1. Field of the Invention
The present invention relates to a substrate treatment method and a substrate treatment apparatus for cleaning and drying a substrate. Examples of the substrate to be treated include semiconductor wafers, substrates for liquid crystal display devices, substrates for plasma display devices, substrates for FED (Field Emission Display) devices, substrates for optical disks, substrates for magnetic disks, substrates for magneto-optical disks, and substrates for photo masks.
2. Description of Related Art
In production processes for semiconductor devices and liquid crystal display devices, substrates such as semiconductor wafers and glass substrates for the liquid crystal display devices are generally treated with treatment liquids. More specifically, such a substrate is treated with a chemical agent by supplying the chemical agent to a major surface of the substrate, and then a cleaning process is performed to rinse away the chemical agent from the substrate by supplying deionized water to the major surface of the substrate supplied with the chemical agent (see, for example, JP-A-2003-92280).
After the cleaning process, a drying process is performed on the substrate to remove the deionized water remaining on the substrate and dry the substrate. Exemplary methods for the drying process include an IPA (isopropyl alcohol) vapor drying method, a Marangoni drying method and a Marangoni spin-drying method, in which IPA is used for replacing the deionized water on the substrate with IPA for drying the substrate.
However, the prior art drying methods using IPA often fail to completely dry the substrate. Where a recess such as a hole or a trench having a high aspect ratio is provided in the major surface of the substrate, for example, only deionized water present in an upper portion of the recess of the substrate is replaced with IPA, and deionized water present in a lower portion (bottom portion) of the recess of the substrate is not sufficiently replaced with IPA. Therefore, the deionized water still remains in the bottom portion of the recess of the high aspect ratio even after the drying process. The remaining deionized water may form water marks in the recess, thereby resulting in deterioration of the characteristics of a device to be formed on the substrate.
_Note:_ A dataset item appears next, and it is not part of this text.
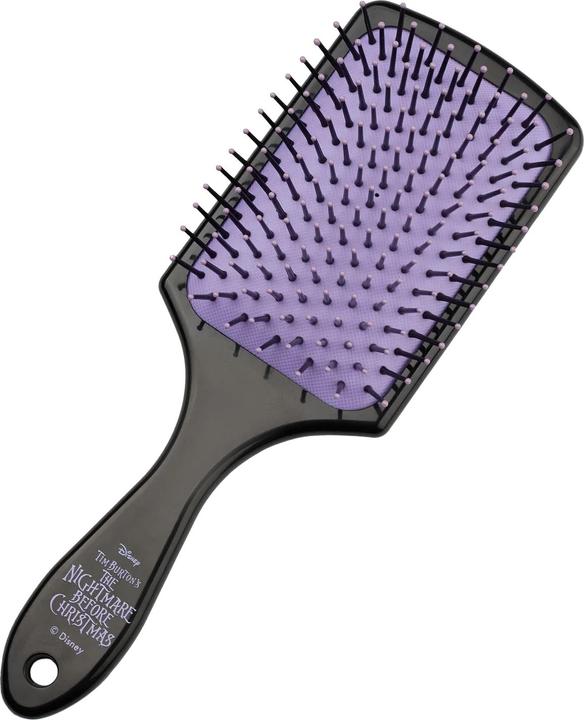 Actual product image The Nightmare Before Christmas Hair Brush Set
More specifically, IPA has a lower surface tension than the deionized water and, therefore, more easily enters the recess of the high aspect ratio than the deionized water. However, IPA does not easily mingle with the deionized water. Even if IPA is brought into contact with the deionized water, the deionized water only partly mingles with IPA in an interface between the deionized water and IPA. With the deionized water present in the fine recess of the high aspect ratio, therefore, IPA merely mingles with the deionized water present in the upper portion of the recess, but does not reach the bottom portion of the recess. Therefore, only the deionized water present in the upper portion of the recess is replaced with IPA, and the deionized water present in the bottom portion of the recess remains to result in water marks.